Explore this white wine type’s key characteristics, plus where it’s grown, food to pair it with and other serving and storage secrets to get the most out of your sauvignon blanc experience.
What Is Sauvignon Blanc Wine?
Sauvignon blanc is one of the world’s most popular white wine varietals.
Sharp, crisp, acidic and dry, sauvignon blanc presents a distinct palate and tasting experience for all who try a glass. The grape is considered a noble varietal, meaning it’s internationally recognized as a top-quality grape type capable of large-scale cultivation yet still expressing its unique terroir.
Sauvignon blanc itself means “wild white,” nodding to its lush, dense vine canopies and early ripening. The green-skinned varietal is now grown worldwide in a variety of cool and moderate climates, pairs well with dozens of foods and remains a bestseller on the consumer wine market.
Sauvignon Blanc Pronunciation
Wondering how to pronounce sauvignon blanc? You’re not alone.
Sauvignon blanc is pronounced as “sah-veen-yohn-blahnk.” Drop the hard “k” when trying to be fancy and say it like the French, or stick with the well-accepted English phonetics. Now, next time you’re out to eat, you can order a glass of sauvignon blanc without fear!
History of Sauvignon Blanc
Both provinces carry a storied wine history and are the homes of many other noble varietals, including the rhyming cabernet franc. In fact, the regional origins of these two wines — sauvignon blanc and cabernet franc — are so intertwined, they’re actually the parent varietals of the world’s most popular red wine, cabernet sauvignon.

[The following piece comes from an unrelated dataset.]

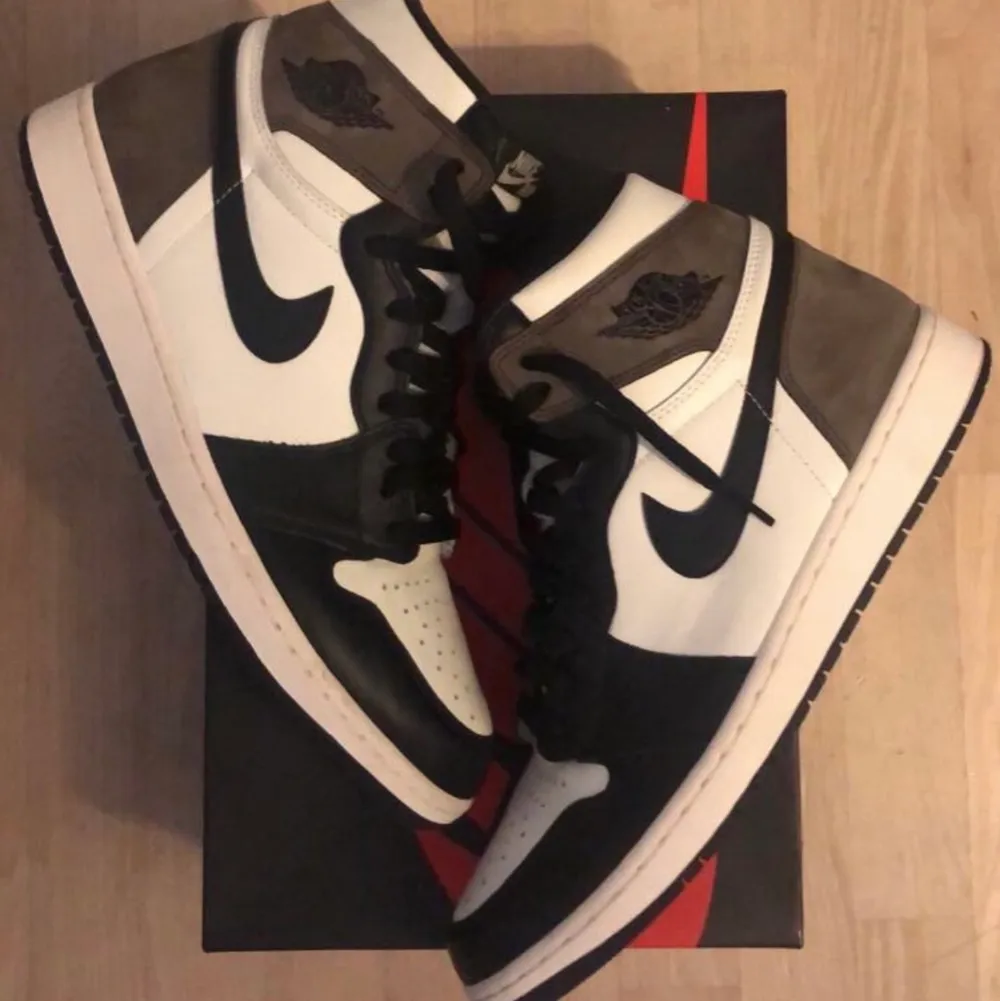 Jordan 1 mocha size 42. Skor.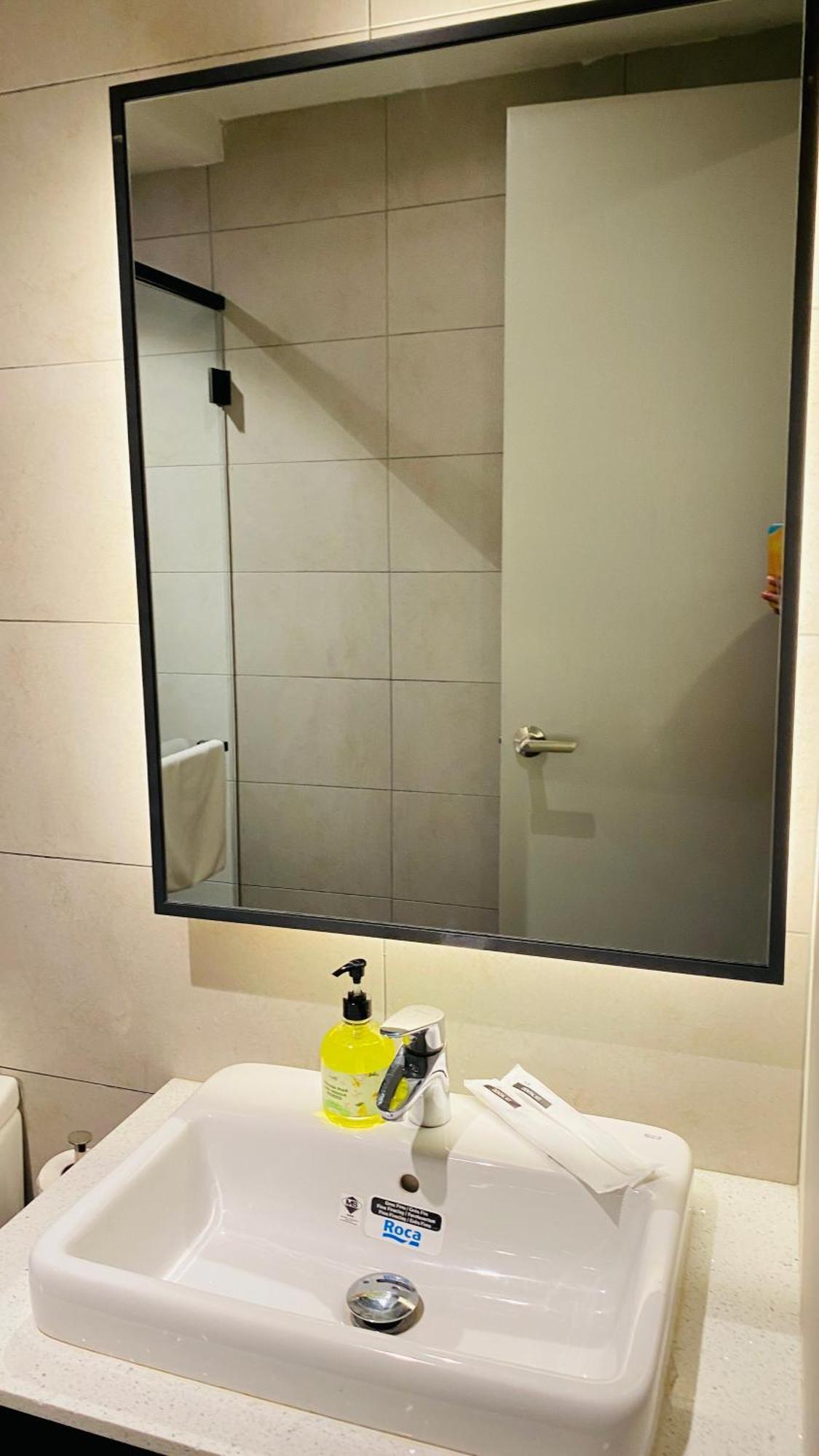 Axon Suites By Galaxy House Kuala Lumpur Exterior photo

Sauvignon blanc was a well-kept French secret until the late 19th-century when select vine cuttings were transplanted to northern California by experimental winegrowers. Their choice to use cuttings from some of Bordeaux’s most reputable vineyards paid off. The thin-skinned grape prefers temperate weather, which prolongs bud development but ripes its fruits quickly. The result is sauvignon blanc’s signature early maturation.
Sauvignon blanc came into consumer consciousness starting in the late 1960s. Its explosion in popularity is widely accredited to California wine legend Robert Mondavi, who rebranded California sauvignon blanc as Fume Blanc. The oakier, heavier Fume Blanc remains in production today but is joined by a premier set of sauvignon blanc wine grown across nearly every major wine-producing region in the world.

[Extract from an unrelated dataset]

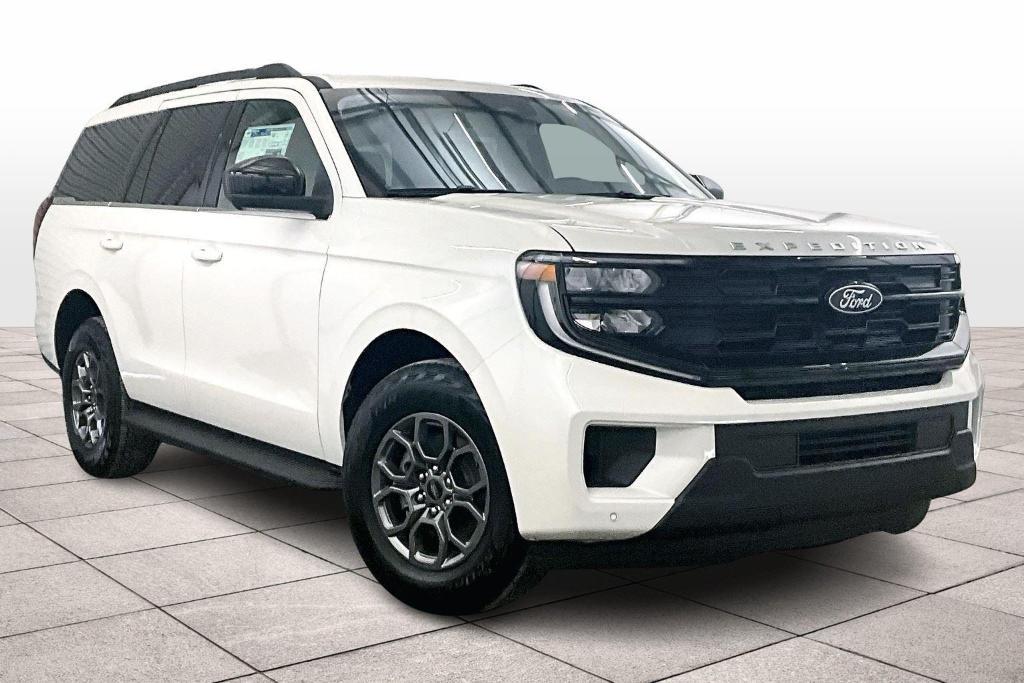 new 2025 Ford Expedition car, priced at $66,500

Yet perhaps no country solidified sauvignon blanc’s claim to wine-fame more than New Zealand. The country’s top varietal, New Zealand sauvignon blancs are expressive, fruity and lush and have been mass cultivated since the mid-1980s, launching an even deeper sauvignon blanc frenzy that carries on today. Not bad for a humble varietal from central France.
How Is Sauvignon Blanc Made?
Sauvignon blanc vines prefer sunny but moderate weather, letting their buds blossom late yet their fruits ripen early. This late-blossoming, early ripening balance is a hallmark of sauvignon blanc and one of the signature features winemakers master to produce this varietal across environments. Lucky for growers, sauvignon blanc grapes grow bountifully, producing generous — and sometimes overly dense — yields.
Regions most known for producing sauvignon blanc include:
- New Zealand
- Northern California
- South Africa
- North Italy
After its September harvest, sauvignon blanc ferments in stainless steel tanks. The vast majority of this varietal will undergo stainless steel vat fermentation at “slow and low” temperatures between 42° to 50° F, preserving its sharp acidity while coaxing distinct fruit flavors. The slow-and-low method also allows sauvignon blanc’s chemical pyrazine compounds to flourish, producing this white wine’s unique herby, green characteristics.
In total, sauvignon blanc’s total harvesting, fermentation, filtering and bottling process can occur in as few as three to four months. The wine does well consumed young and doesn’t require much additional fermentation or racking. High-quality sauvignon blanc properly cellared can remain crisp and vibrant for years. However, it is still generally recommended to drink sauvignon blanc fresh to capture its full, bright acidity and earthy palate.
Characteristics of Sauvignon Blanc
Sauvignon blanc’s vineyards span countries and climates. Its widespread cultivation means the white wine varietal carries distinct qualities depending on where it comes from — in taste and smell but also in subtler traits like acidity, mouthfeel and finish.
One description is guaranteed — sauvignon blanc wine is dry and zesty, with strong aromatic notes of flowers and vegetables. Beyond that, the fun begins.
1. Growing Conditions
Sauvignon blanc grapes grow best in sunny but temperate climates. Overexposure to heat muddles the grape’s intense acidity while gentle, frequent sunlight develops its vegetal and light fruit flavors. The varietal benefits most from cool, even brisk, nights and requires a long dormant or vegetative state between growing seasons, which can help naturally tame its substantial canopy growth.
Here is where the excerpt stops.